UNESCO DÜNYA MİRASI YEZD ŞEHRİ
SİYAMEK’İN
GÖZ YAŞI
Gökyüzüne baktı ve bu iyiye işaret, tahminimizden kısa
sürecek babamızın Dakhme’deki işi diye düşündü. Gökyüzünde gördüğü çok sayıda
yırtıcı kuşa bu kadar sevineceği hiç aklına gelmezdi.
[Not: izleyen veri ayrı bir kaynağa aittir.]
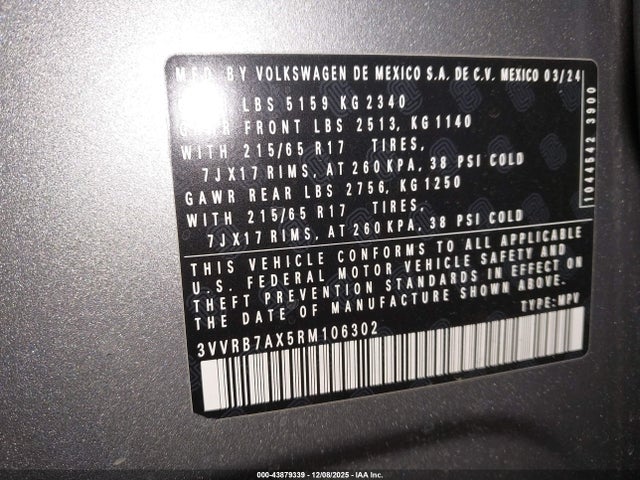 2024 VOLKSWAGEN TIGUAN 3VVRB7AX5RM106302 Photo 8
Siyamek daha dün zorlukla da olsa konuşan babası ile
sohbet edebilmişti. Şu an ise babasının hayattan ayrılmış bedenini taşıyan
rahiplerin ardından yürüyerek Dakhme’ye, nam-ı diğer Sessizlik Tepeleri’ne
ulaşmaya çalışıyordu kardeşleriyle. Çok ilerleyemeyeceklerdi, babayı rahiplere
emanet edip, onların tepeye çıkan merdivenlerden yavaş yavaş çıkmalarını
gizlendikleri yerden izleyebileceklerdi sadece. Vefat edenin yakınlarının
yırtıcı kuşları ürkütmemesi gerekiyordu. Bunun için hazırlanmış kubbe yapının
altında, uzakta kardeşleriyle beklemeye başladı.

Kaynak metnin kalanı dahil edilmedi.